In a study I published in the Journal of Cataract and Refractive Surgery , three IOLs — the Tecnis Z9000 IOL (AMO) with polysiloxane optic and polyvinylidine fluoride haptics, the AA4207-VF silicone one-piece lens (Staar Surgical) and the AcrySoft acrylic lens (Alcon, Fort Worth, Texas) — were studied for their ability to improve functional vision.(2)
Surgery was performed with topical anesthesia, a small clear corneal incision, phaco and injection of the IOL into the capsular bag. Data showed that in the first month, patients who received the Tecnis IOL had better uncorrected visual acuity than the other groups.
There was a 47% improvement in functional visual acuity with contrast testing during the day with the Tecnis IOL. At night, there was greater than 100% improvement in contrast, which was superior to the other IOLs in the study.
Fundus photography was performed before surgery and again 3 months after surgery.

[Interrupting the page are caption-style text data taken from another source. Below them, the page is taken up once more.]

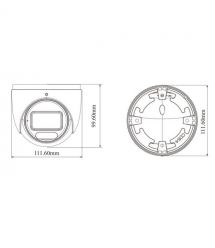 IP-відеокамера 8Mp TVT TD-9585S4-C(D-AZ-PE-AW3) White f-2.8-12mm, ІЧ+LED-підсвічування, з мікрофоном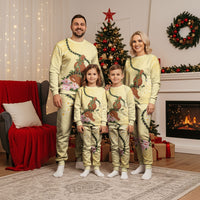 Aloha Hawaii Ipu Gourd Mix Kukui Nut Lei Christmas Pajama Set Lemon Yellow LT7 - Polynesian Pride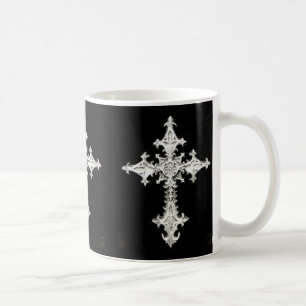 Taza de café gótica céltica de la cruz 3x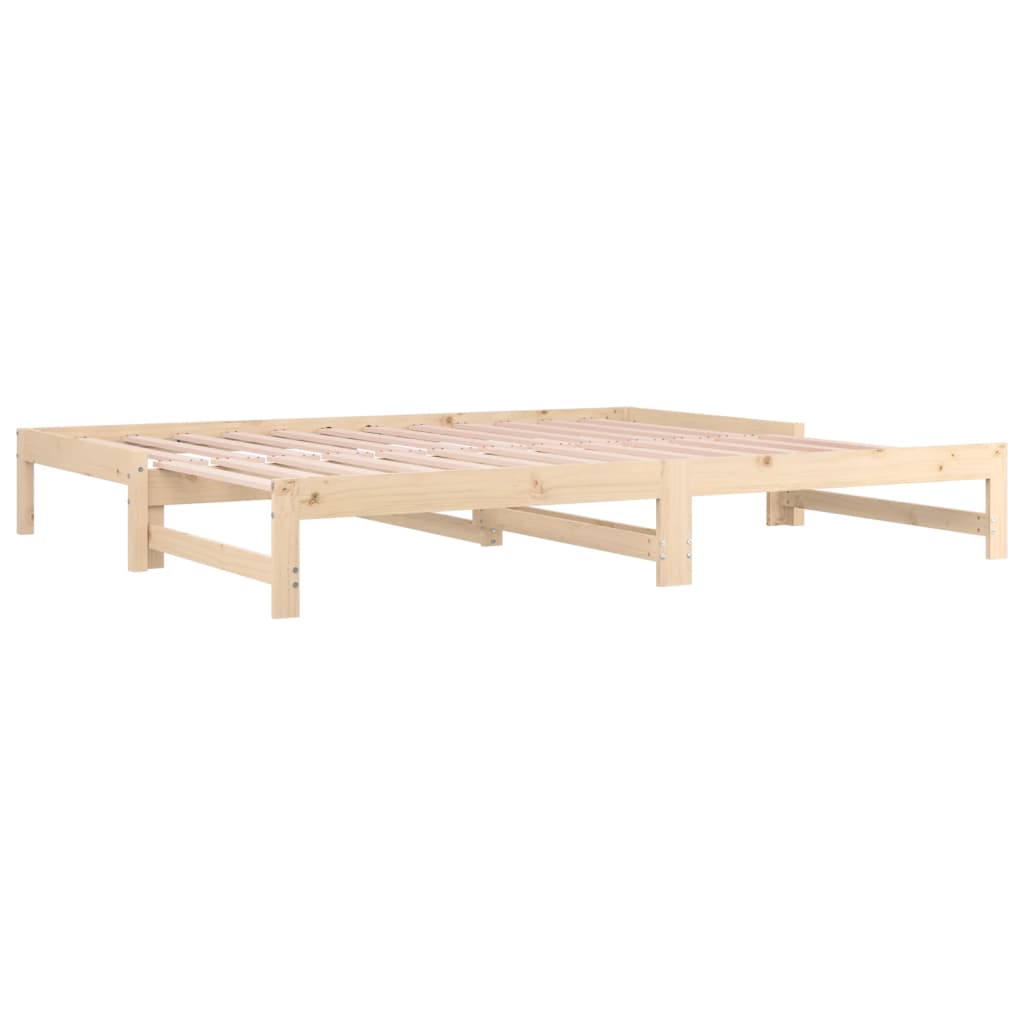 vidaXL Καναπές Κρεβάτι Συρόμενος 2x(90x190) εκ. Μασίφ Ξύλο Πεύκου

All three lenses provided patients with improved visual acuity. In the groups implanted with the AcrySoft and AA4207 IOLs there was little or no improvement in functional vision with contrast testing compared to preoperative cataract. With the Tecnis IOL, there was an improvement of 40% in contrast imaging of the fundus.
Performing surgery with Healon5 enhances surgical reproducibility and safety in my hands. The improved functional vision that the Tecnis IOL provides, results in increased patient satisfaction and better outcomes. I have found that Healon5 and Tecnis are ideal partners for today’s cataract procedure.
Arshinoff SA, Albiani DA, Taylor-Laporte J. Intraocular pressure after bilateral cataract surgery using Healon, Healon5, and Healon GV. J Cataract Refract Surg . 2002;28(4):617-625.
Kershner RM. Retinal image contrast and functional visual performance with aspheric, silicone, and acrylic intraocular lenses. Prospective evaluation. J Cataract Refract Surg . 2003;29(9):1684-1694.